東宝が、4人の新進気鋭監督によるオムニバス映画『GEMNIBUS vol・1』の制作を発表した。23日に東京ミッドタウン日比谷 カンファレンスルームで制作発表会見を開き、プロデューサーと監督陣が勢ぞろい。6月28日(金)からTOHOシネマズ日比谷、TOHOシネマズ梅田で劇場公開することも明らかにした。
同社は、才能発掘制作レーベル「GEMSTONE Creative Label」を昨年立ち上げ、クリエイターが自由に才能を発揮できる場の提供を目指している。オムニバス映画の制作はその一環で、監督だけでなく、東宝のプロデューサーらも全て若手で構成されている。
会見冒頭に大田圭二常務執行役員が挨拶し、「私は東宝の中でアニメの本部長、チーフゴジラオフィサーという役職を務めているが、開発チームという部署も担当している。この開発チームが手掛けているものの軸の一つが『才能の発掘と育成』。(オムニバス映画で)その機会を設けさせて頂いた。東宝は映画業界のリーディングカンパニーとして、(業界の)持続的な成長を促進させるための責任を負わなければならないと思っている。成長を遂げるために必要な要素は『才能』『クリエイター』。今回は非常にチャレンジ的な機会だが、ぜひ皆さんに注目してほしい。映画営業部の新レーベルである『TOHO NEXT』が力を入れて配給する」と概要を説明した。

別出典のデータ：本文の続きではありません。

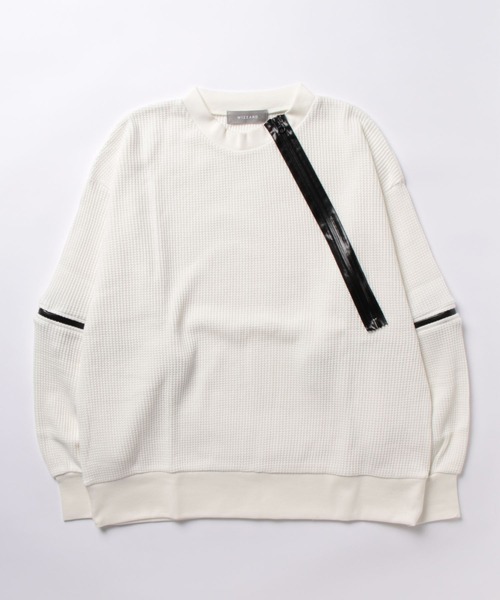 Wizzard（ウィザード）の「Wizzard ウィザード / WAFFLE ビッグワッフルカットソー（スウェット・メンズ・ブラック/ホワイト/イエロー・2/3/1）」の11枚目の写真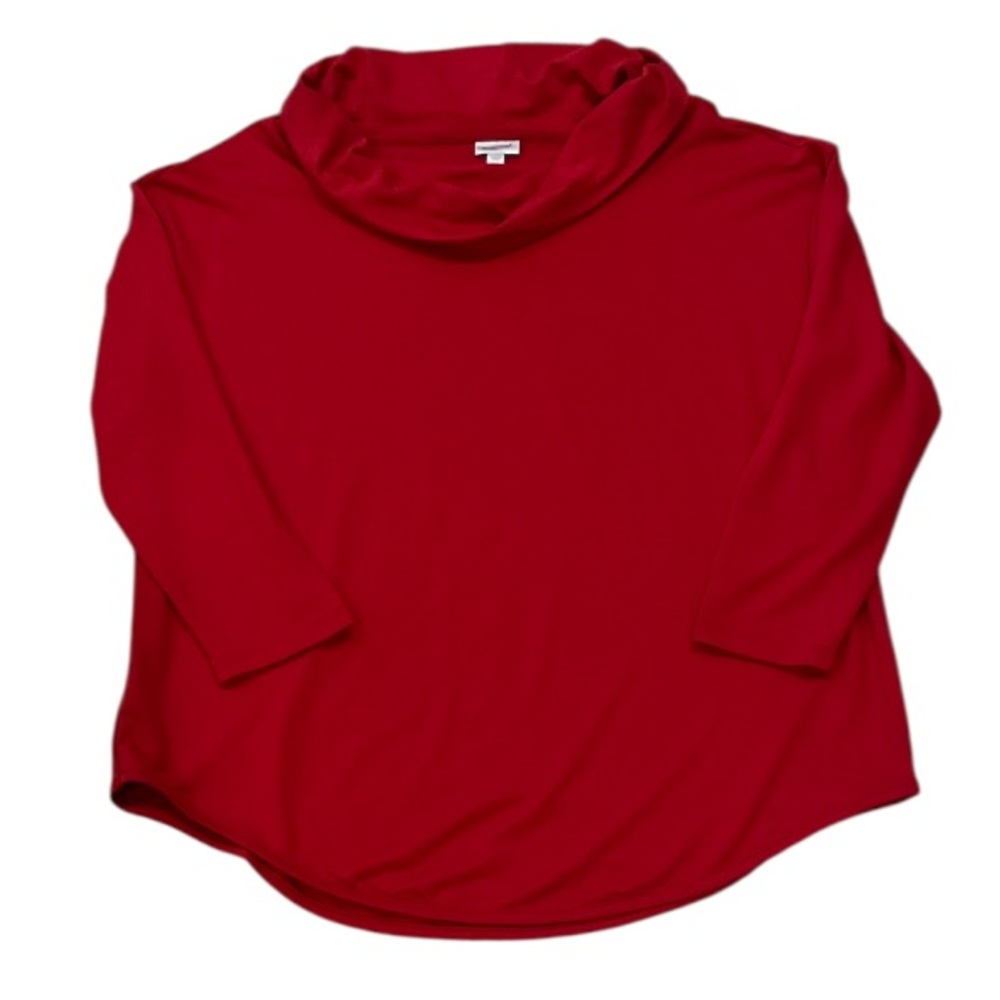 New Avenue Size 18/20 Cowlneck Vibrant Red Longsleeve Tunic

「GEMSTONE Creative Label」を担当する“開発チーム”は、2020年10月に東宝の映像本部直轄の組織として設立された新しい組織。東宝の既存ビジネスとは異なる新しい事業にチャレンジすることに主眼を置いている。リーダーを務める馮年氏は、開発チームの役割の一つである「才能支援」について「出会う、作る。この2つのキーワードで向き合っている。昨今は若いクリエイターが力を発揮しようと思っても、打席に立つ機会がなかなか無いので、どんどん打席に立って頂く機会を提供したい。もう1つ『出会う』という点では、ティックトックと組んで映画祭をやったり、集英社の『ジャンプ+』と組んで絵コンテのコンテストを開催するなどしている。出会った才能あるクリエイターの皆さんと、次はモノを作るというフェーズに移行する。『GEMNIBUS Vol・1』がその初めての取り組み」と話した。さらに、「GEMSTONE Creative Label」の統括プロデューサーを務める栢木琢也氏は「実績に捉われることなく、失敗を恐れず、新しいコンテンツを作る。そういう場所を作りたいと思って『GEMSTONE Creative Label』を立ち上げた。東宝の10年目以下の社員で構成されており、企画系の部署だけでなく、部署横断的に熱量を持った社員が運営している。この思いに共感してくださる4人の監督との出会いがあり、『GEMNIBUS Vol・1』という形で皆さまにお届けできる。ぜひ応援してほしい」と会場に呼び掛け、今後も続けていく覚悟を示すため、タイトルに「Vol・1」を入れたことを明かした。すでに第2弾に向けた企画も進行中だという。
イベントには、公式アンバサダーに就任した上白石萌歌も登場し、4作品の見どころを語るとともにエールを贈った。各作品の概要やコメントは次の通り。
■『ゴジラVSメガロ』
昨年ユーチューブで公開され、430万回再生を超えたショートフィルムのシネマティックバージョン。より精緻かつ迫真の映像となり劇場公開される。柳澤俊介プロデューサーは「『ゴジラVSガイガンレクス』の続編という形だが、それ(今作単体)でも楽しめる新しいゴジラを作ることがキーワードだった」とし、上西琢也監督は「劇場版に向けてグレードアップしている。大きな画面で見るので、より1ショット1ショット気を遣って制作した」と語った。
■『knot』
「TikTok TOHO Film Festival 2022」で受賞した平瀬遼太郎監督によるサイコスリラー。馮年プロデューサーは監督について「描きたいテーマが明確にあり、すごくストーリーテリングに長けた方」と評し、平瀬遼太郎監督は「今まで一緒にやってきたスタッフ、新しく一緒にやるスタッフ、そしてキャスト。本当に全ての皆さんのおかげでこの映画ができた」と感謝の言葉を述べた。入社1年目で同作のアシスタントプロデューサーを務めた疋田華恋氏は「今後働いていくうえで基礎になるような得難い時間を過ごさせてもらった」と貴重な経験を振り返った。
■『ファーストライン』
4作品の中で唯一のアニメーション作品で、TOHO animation STUDIO所属のちな監督が手掛けた。今井翔大プロデューサーは、ちな監督を紹介してもらったスタジオジブリのアニメーター・井上俊之氏に感謝を示すと同時に、音楽を担当した角野隼斗氏に対しても「この作品がより大きくなった」と感謝の気持ちを述べた。ちな監督は「若いアニメーターを主人公とした作品。監督や制作進行、マンガ家が主人公の話はこれまでもあったが、アニメーター自身が主人公のアニメはこれまで意外となかったと思う」とアピールした。